=== Material for this task ===
'''

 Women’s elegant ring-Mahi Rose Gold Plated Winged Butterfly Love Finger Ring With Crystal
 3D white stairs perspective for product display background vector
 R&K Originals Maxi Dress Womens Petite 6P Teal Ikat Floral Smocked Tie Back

'''
'''

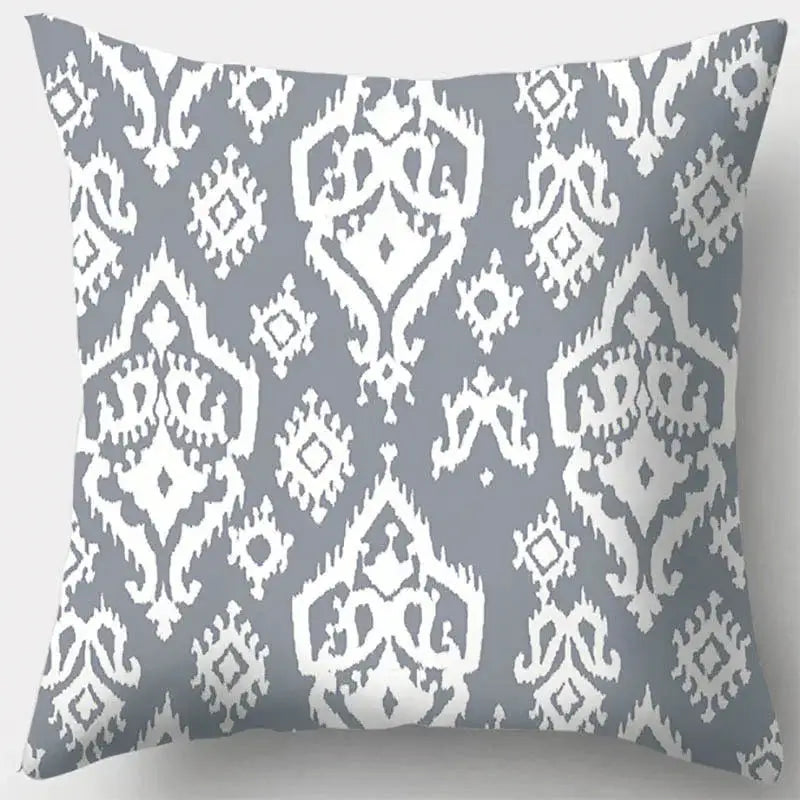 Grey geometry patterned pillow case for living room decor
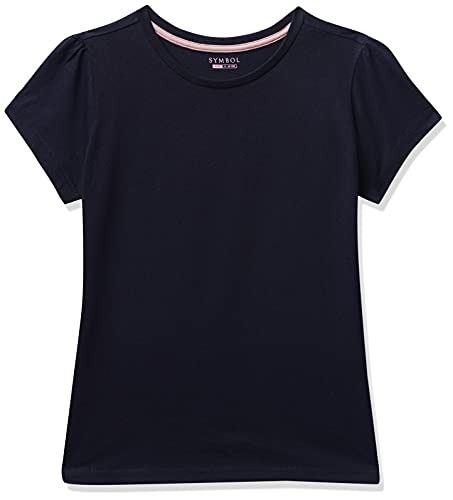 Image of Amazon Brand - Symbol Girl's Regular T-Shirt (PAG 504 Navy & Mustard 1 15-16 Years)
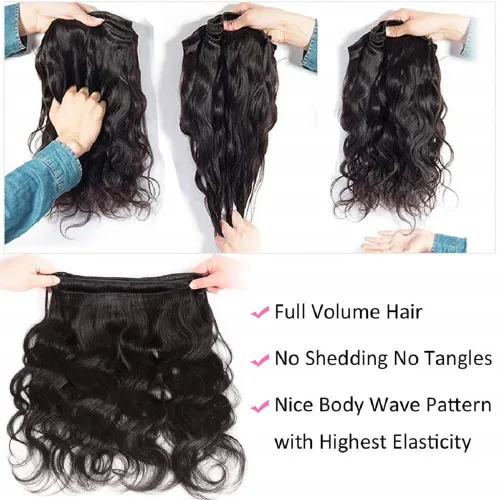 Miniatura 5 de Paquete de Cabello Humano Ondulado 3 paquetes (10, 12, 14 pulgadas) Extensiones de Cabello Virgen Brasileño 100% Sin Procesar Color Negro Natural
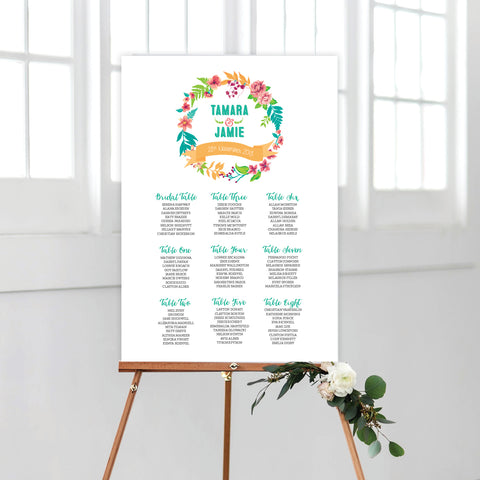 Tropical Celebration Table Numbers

'''

=== Work required ===
Output exactly the stretch of the listing that begins at the line containing "Image of Amazon" and ends at the line containing "Tropical Celebration Table Numbers", both kept. Omit pictures and everything else.

=== Written solution ===
 Image of Amazon Brand - Symbol Girl's Regular T-Shirt (PAG 504 Navy & Mustard 1 15-16 Years)
 Miniatura 5 de Paquete de Cabello Humano Ondulado 3 paquetes (10, 12, 14 pulgadas) Extensiones de Cabello Virgen Brasileño 100% Sin Procesar Color Negro Natural
 Tropical Celebration Table Numbers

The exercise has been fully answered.